Flaxseeds: Flaxseeds are tiny and retain much of their crunch when they’re baked. I find them beautiful and I love how they speckle a cake or bread. I think of them the way I think of whole-wheat flour – wholesome and earthy.
Makes 16 squares
2 1/4 cups (306 grams) all-purpose flour
2/3 cup (90 grams) whole wheat flour
2 teaspoons instant espresso or ground coffee (optional but good)
1 1/2 teaspoons baking soda
3/4 teaspoon baking powder
1/2 teaspoon fine sea salt
1 cup (200 grams) sugar
3/4 cup (150 grams) packed brown sugar
1 stick (8 tablespoons; 4 ounces; 113 grams) unsalted butter, at room temperature
1/2 cup (120 ml) flavorless oil, such as grapeseed, avocado, or coconut oil (nice with banana) – see above
3 large eggs, at room temperature
2 teaspoons pure vanilla extract
3 large or 4 medium mushy, overripe bananas, cut into chunks (see above)
2/3 cup (160 ml) buttermilk (well shaken before measuring) or sour cream
3/4 cup (60 grams) oats (not instant)
1/2 cup (60 grams) finely chopped walnuts or pecans (optional)
1/3 cup (50 grams) moist, plump raisins or an equal amount of chopped or diced soft dates or figs (see above)
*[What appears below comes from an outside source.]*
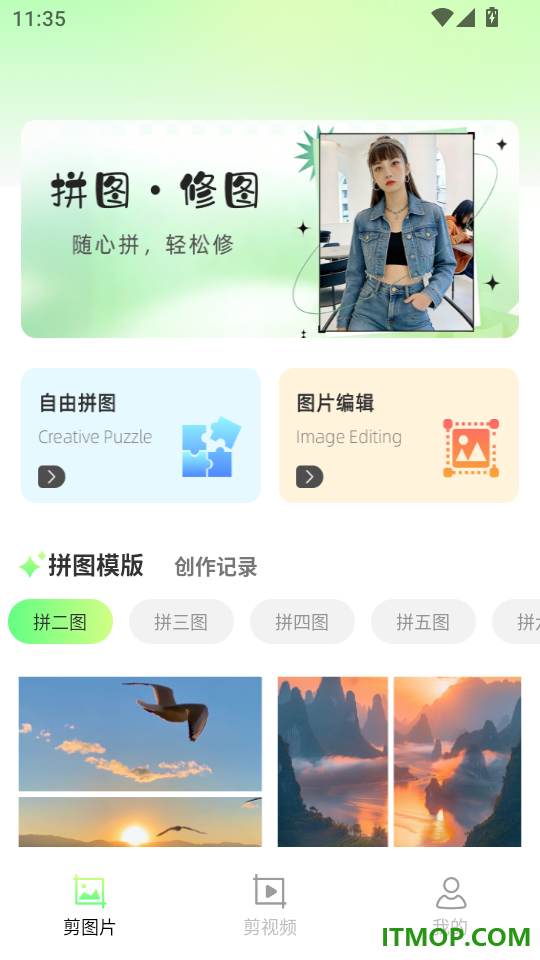 免费速剪辑视频手机版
1/4 cup (40 grams) flaxseeds (see above)
Center a rack in the oven and preheat it to 350 degrees F. Butter a 9-x-13-inch baking pan, preferably one with 2-inch-high sides, and dust it with flour, or use baker’s spray. Line the bottom of the pan with parchment paper.
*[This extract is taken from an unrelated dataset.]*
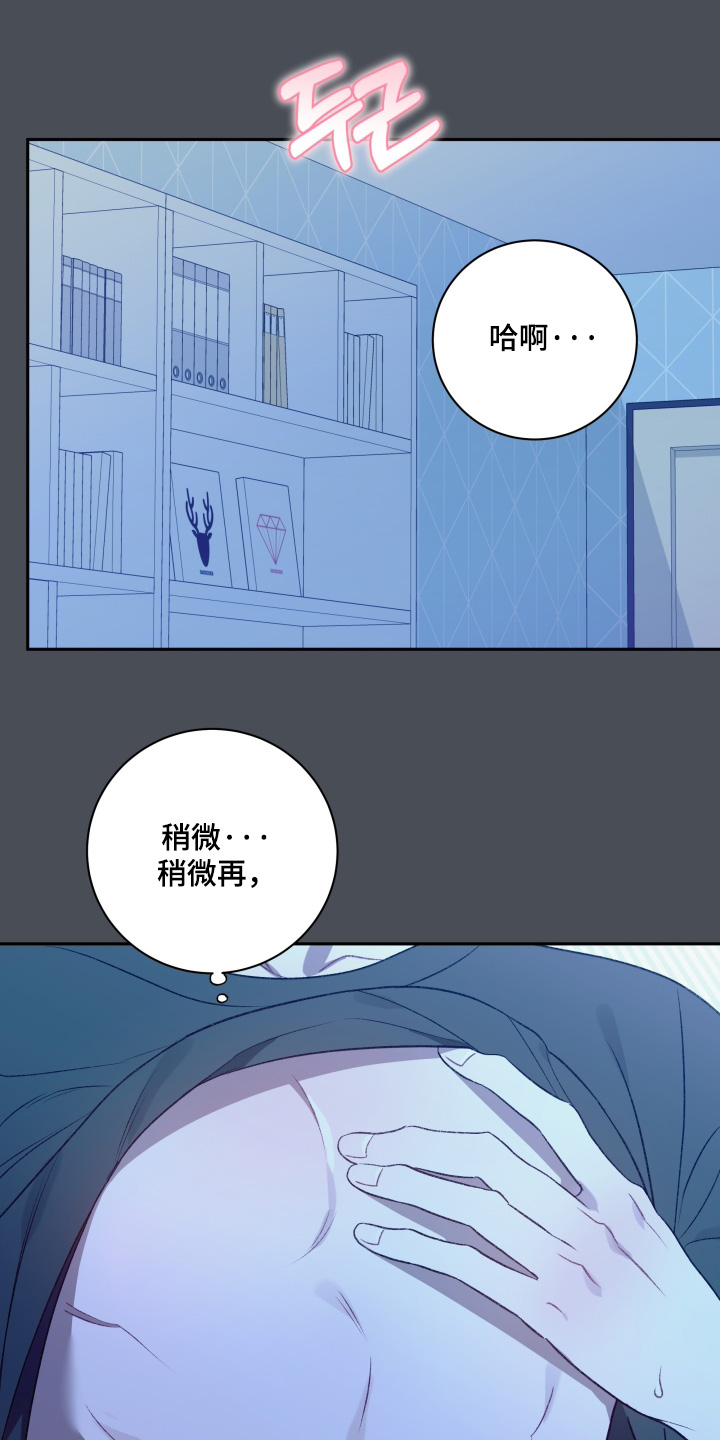 第82话3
Whisk both flours, the coffee, if you’re using it, baking soda, baking powder and salt together.
Working in the bowl of a stand mixer fitted with the paddle attachment, or in a large bowl with a hand mixer, beat both sugars and the butter together at medium speed for about 2 minutes; you’ll have a pasty mixture. Pour in the oil and beat for another 2 minutes, or until smooth, scraping the bowl as needed.
One by one, add the eggs, beating for a minute after each goes in. Beat in the vanilla. With the mixer on medium, drop in the pieces of banana, beating until they are blended into the batter. You’ll have a very light, almost fluffy mixture; if you still have chunklets of banana here and there, that’s fine.
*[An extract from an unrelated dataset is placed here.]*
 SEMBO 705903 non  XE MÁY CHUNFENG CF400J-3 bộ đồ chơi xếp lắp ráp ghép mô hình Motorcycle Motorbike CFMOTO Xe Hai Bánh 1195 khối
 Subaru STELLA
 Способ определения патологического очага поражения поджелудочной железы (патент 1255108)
Turn off the mixer, add half of the flour mixture and pulse to begin the blending. Then mix on low speed only until most of the flour disappears. Pour in the buttermilk or sour cream and mix until it’s almost all in, then turn off the mixer, add the remaining flour mixture and pulse and mix only until the flour is almost incorporated.
One by one — still on low speed — add the oats, nuts, if using, raisins or other fruit and flax. Remove the bowl from the mixer stand, if using, and finish the blending by hand with a flexible spatula. Scrape the batter into the pan, smoothing the top.
Bake for 45 to 50 minutes, or until the cake is deeply golden brown (if you think it is getting too dark, tent it loosely with foil or parchment) and starting to pull away from the sides of the pan; a tester inserted into the center should come out clean. Transfer the pan to a rack and let sit for 5 minutes, then run a table knife around the edges of the pan, if needed, to loosen the cake. Turn it out onto the rack, peel away the paper and turn it right side up. Let cool until just warm or at room temperature.
Cut the cake into 16 squares and serve as is or with some or all of the suggested go-alongs.
STORING: Wrapped well, the cake will keep for about 4 days at room temperature or for up to 2 months in the freezer; defrost it in its wrapper.